Recreational Bias in Minister’s Snapper Decision
17 September 2013
Recreational Bias in Minister’s Decision Snapper Fishery East Coast North Island
This is a shared fishery where recreational, commercial and customary interests fish side by side. We need decisions that create incentives for us to work together to manage the fishery.
We have all taken cuts when needed – and we all need to experience (allocation) gains in the good times.
The good times are here – the fishery is healthier than it has been for 20 years and growing despite the unrestrained growth in the recreational and charter boat sector.
But now the rebuild plan is showing success, the increased catch allocation is given to only one sector – recreational fishers.
It is of concern to us that despite the recreational allowance being exceeded by 52% there has been no allowance for increased commercial catch, even a small catch increase to start to offset the additional costs in the Minister’s decision.
Despite commercial allocations being cut in the past, commercial fishers have kept within their catch limits.

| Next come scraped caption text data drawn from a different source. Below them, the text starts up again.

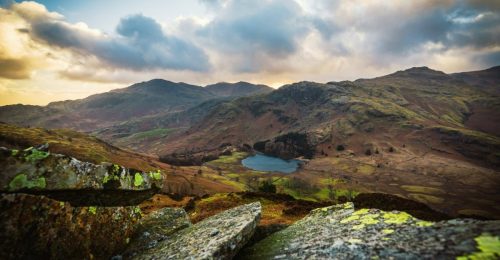 Guided Walk in Ambleside image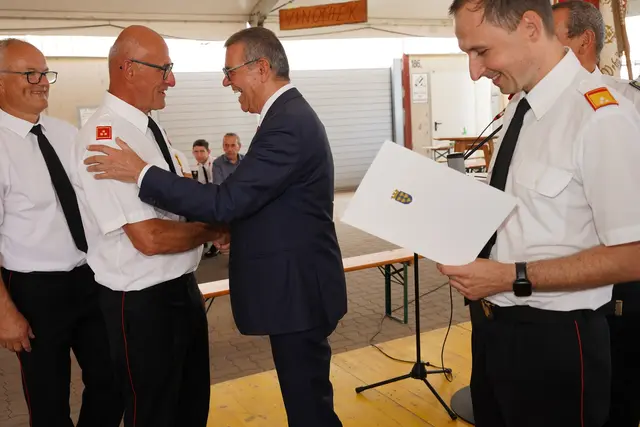 Foto: BFKDO Mistelbach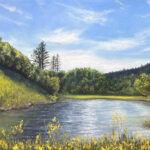 williams_c_walkaroundlake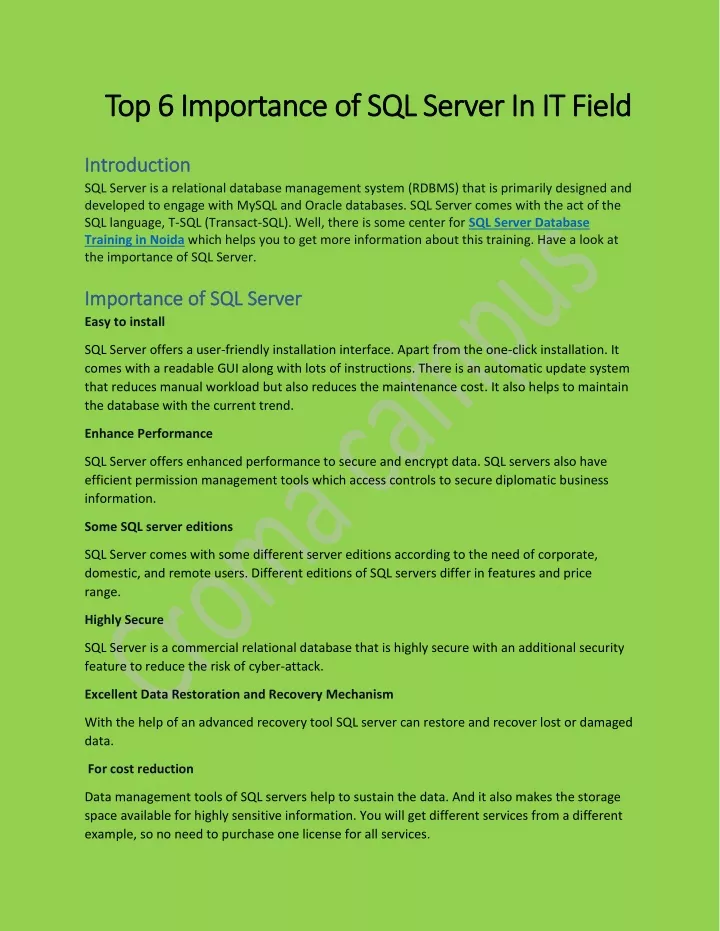 ppt-introductio-top-6-importance-of-sql-server-in-it-fieldn-sql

It is unfair to penalise commercial fishers and sends a poor message to the commercial sector – look after the fishery but ultimately you will lose it. That drives a deep wedge into the heart of the conservation ethic out on the water.
The most basic foundation of our fisheries management system is that fishers in all sectors need to take a long term view. A restrained catch today gives everyone a greater catch tomorrow. This no longer seems to ring true.
There is a huge population of Aucklanders who rely on commercial fishers to make their fish available in fish shops, supermarkets and restaurants. How would Auckland continue to rank as one of the top 10 cities to live in the world if you can’t buy snapper locally or at a restaurant?